Correcting Mormons and Their Dreadful Doctrines
By Mike Robinson
… There are some who trouble you and want to pervert the gospel of Christ. But even if we, or an angel from heaven, preach any other gospel to you than what we have preached to you, let him be accursed (Galatians 1:7-8).
In our postmodern culture, anyone who confronts and corrects others is labeled intolerant and prejudiced. But real love tells people the truth, even if it may be unpleasant and it might hurt. Christians must speak the truth in love or we are derelict in our duty. The Christian church in all biblical denominations rejected the aggressive and militant Mormon Gospel because it attacks the nature of God as it aims to lift man to godhood. The Mormons attempt to dazzle the culture by marketing a “Christian” image through high powered Madison Avenue makeover firms. Why all the subterfuge and the smokescreens? The Church of Jesus Christ of Latter-day Saints should tell the world about all its unique beliefs. Many of the LDS folks are nice, sincere and friendly. But the reality: Mormonism is a completely different religion than historic Christianity.

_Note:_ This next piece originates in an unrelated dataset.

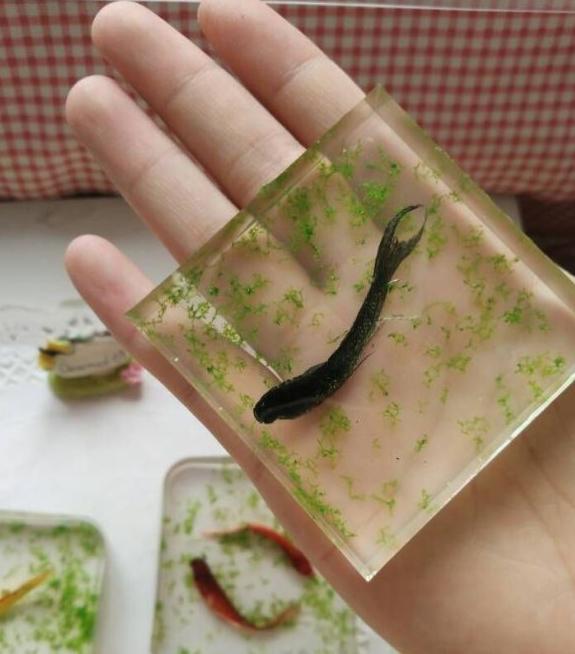 喜爱的金鱼死了怎么办？不如做成标本收藏起来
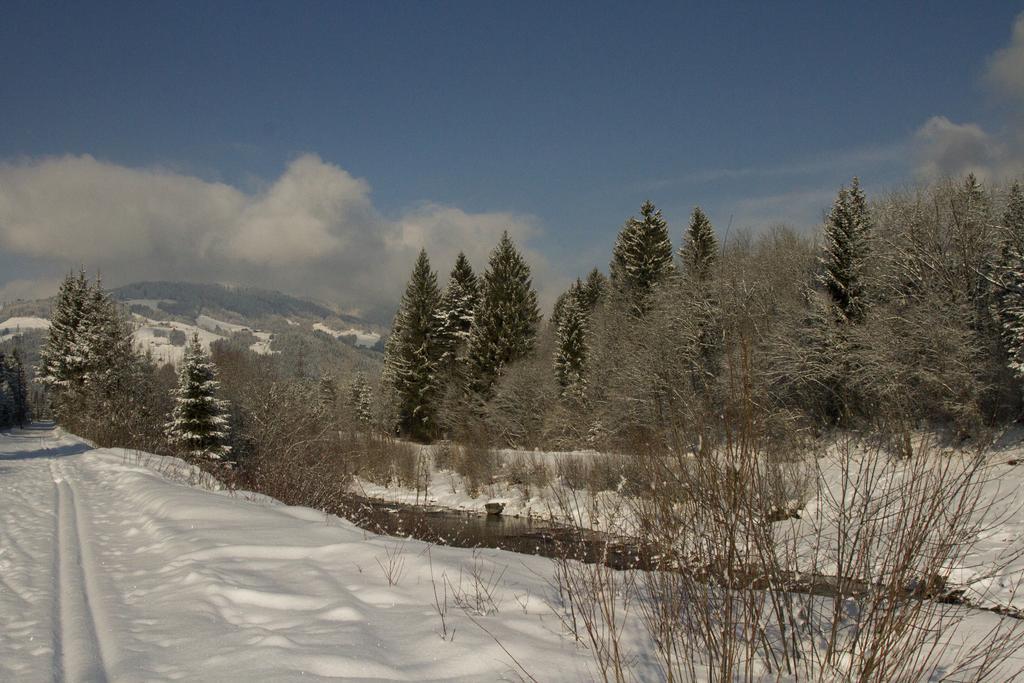 Apartmenthaus Berdnik Kotschach-Mauthen ห้อง รูปภาพ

Biblical Christians do not delight in bringing correction to obstinate allotheists. We do not want to be derisive or churlish to anybody. We hold to the presupposition that truth is a moral, pragmatic, and philosophical requisition. We are called to cast down “imaginations, and every high thing that exalts itself against the knowledge of God.” We urge all Mormons to turn from their error and reject the fancies and fairy tales of the young glass-looker, Joseph Smith. The Mormons teach that God the Father was once a sinful man and is now a physical man who ascended into godhood through following Mormon imperatives. Additionally, they declare that Jesus is the spirit brother of Lucifer, and that faithful Mormons can one day become a god or goddess. This means they are henotheists, which is a subcategory of polytheism and places the LDS outside of Christian orthodoxy. These hideous doctrines are what vexes the Christian community and precludes the LDS from being a Christian denomination. The Bible states over and over that there is only one God. All biblical Christians believe in an absolute, uncompromised, ontological monotheism. Many Mormon leaders have taught that there is a plurality of gods. Mormon leader Spencer Kimball once said, “I suppose all 225,000 of you may become gods.” LDS Prophet Joseph F. Smith said, “Men are gods in embryo.”
A False Christ
Confounded Mormons seek comfort in the false notion that they believe in Jesus Christ too. But they believe in another Christ, a different Jesus. For example, I have a different car than you do. It shares some features that your car has: they both have tires, doors, and a gas engine. But my car doesn’t have a stereo, yours has one; my car is red, but yours is blue; mine has leather interior, and yours has cloth. My car is not your car. My house and your house have roofs, front doors, windows and carpet. But I have French doors, you do not. I have tan carpet, you have pink. I have a pool and you do not. We have different cars and different houses. And Mormons have a different Christ than Christians do. A different house, car, and Christ—they have some things in common but are different. LDS President, Gordon Hinckley, conceded that Mormons “do not believe in the traditional Christ. The traditional Christ of whom they speak is not the Christ of whom I speak.”
I.
The LDS Jesus is according to Mormon doctrine:
• The Spirit brother of Lucifer
• One of many gods
• Mutable: progressed into godhood
• Once imperfect
• Married.
II.
Biblical Jesus is:
• Not the Spirit brother of Lucifer
• Always God
• Creator of all things: The same yesterday, today, and forever (Col. 1:16)
• Immutably perfect
• Not married.
Blasphemy is Immoral
You shall have no other gods before Me. You shall not make for yourself a carved image, or any likeness of anything that is in heaven above, or that is in the earth beneath, or that is in the water under the earth; you shall not bow down to them nor serve them. For I, the LORD your God, am a jealous God, visiting the iniquity of the fathers on the children to the third and fourth generations of those who hate Me, but showing mercy to thousands, to those who love Me and keep My commandments. You shall not take the name of the LORD your God in vain, for the LORD will not hold him guiltless who takes His name in vain (Exodus 20:4-7).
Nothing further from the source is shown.